Seus hinos preferidos, vó, falam muito da sua fé: da sua gratidão a Deus por tudo que Ele é e por tudo que Ele fez e faz por nós; da sua consciência de que Ele é soberano sobre todas as coisas; da sua confiança nas promessas de Deus; da sua esperança de que é Ele quem nos dá paz e consolo sem medida; e, sobretudo, da sua certeza de que é Ele quem nos perdoa dos nossos pecados e nos dá a vida eterna em Cristo Jesus, nosso Senhor e Salvador.

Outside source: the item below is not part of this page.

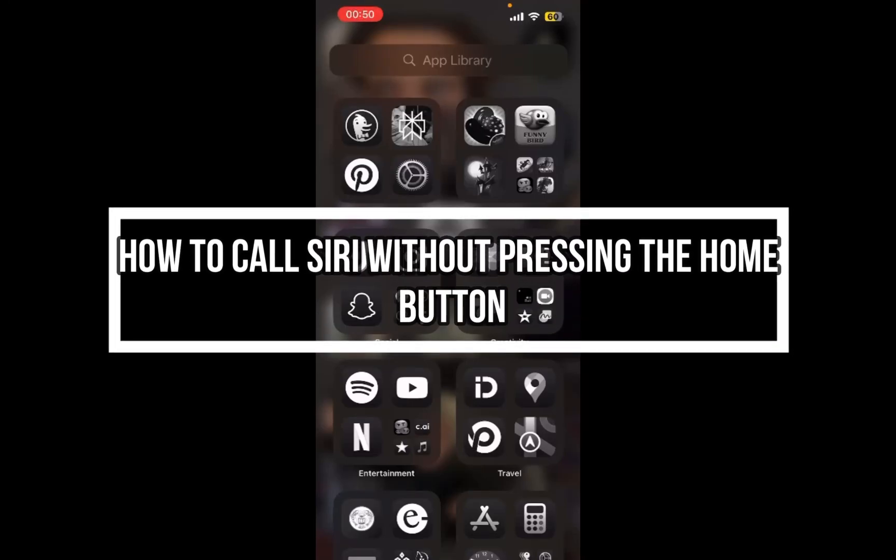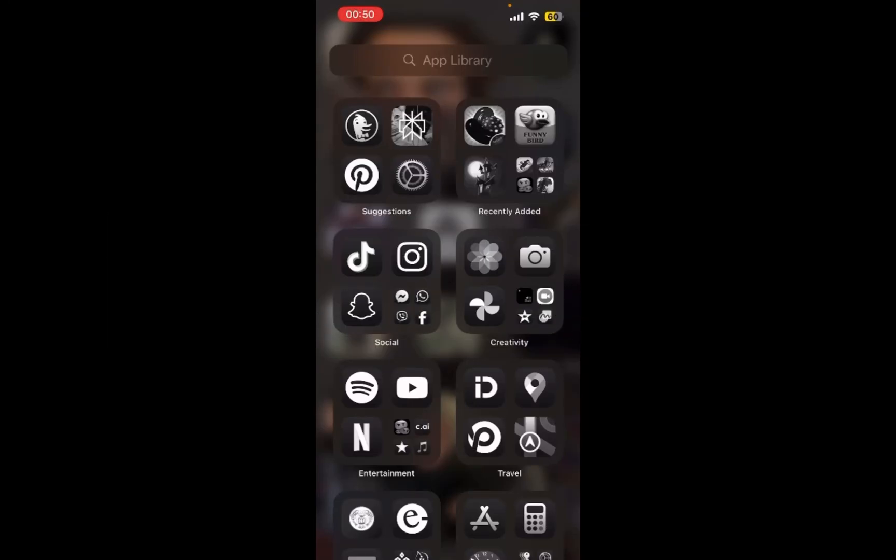I'm going to show you how to call Siri without pressing the home button. In order to activate Siri without pressing the home button on an iPhone, you can use voice commands by saying 'Hey Siri.'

Vó, por tudo isso, eu queria mais uma vez que a senhora soubesse o quanto eu a amo e o quanto a senhora é importante na minha vida.

Na certeza de que a senhora estará livre de todo sofrimento em Cristo Jesus e de que logo se alegrará perto de Deus (como diz um de seus hinos preferidos),

com amor,
de sua neta, Lelê

quinta-feira, 6 de fevereiro de 2014

...

Começo meu texto com reticências porque, na verdade, não sei como começar. As reticências representam a minha incapacidade de traduzir em palavras como estou me sentindo.
Ontem, tive insônia. Acordei às quatro e pouco da manhã e simplesmente não consegui dormir mais. Isso não acontece comigo com frequência. Mas estava calor, eu estava com sede... Me levantei pra beber água e não peguei mais no sono. Depois de revirar mil vezes na cama, peguei meu celular e decidi ir para a sala. Fui ler os textos de uma colunista da Revista Época. Alguém compartilhara um texto dela no Facebook, que eu achei muito interessante e bem de acordo com muita coisa que também penso. Vi os títulos de outros textos e, na hora, fiquei curiosa por ler mais - o que não fiz por falta de tempo. Na minha madrugada insone, foi a primeira coisa que me veio à mente.
O título do texto era "Alternativas ao castigo e à recompensa para lidar com seus filhos". Subtítulo: "Os princípios para quem quer priorizar uma relação autêntica com as crianças."
Lá pelas tantas, a autora comenta de uma estratégia que desenvolveu para não descontar nas filhas seu mau-humor e toda sua impaciência. Ela diz que pensa estar lidando com as filhas da vizinha, que a observa escondida.
Pensei em como trato meus filhos no dia a dia. Pensei em como trato pessoas desconhecidas. Pensei em como trato meus colegas de trabalho. E destampei a chorar. E chorar e chorar aos soluços...

Senhor, perdoa-me, ó Pai, porque não tenho dado o melhor de mim para os meus filhos. Perdoa-me por usar desculpas esfarrapadas e culpar a tudo e a todos pelo meu mau-humor. Faz-me ser responsável por meus próprios atos e a reconhecer em que tenho desagradado a Ti. E mais, Senhor, ajuda-me a não ser mais assim... Ajuda-me a ter um coração grato e disposto a te servir em todas as coisas, a começar no meu próprio lar. Em nome de Jesus, amém!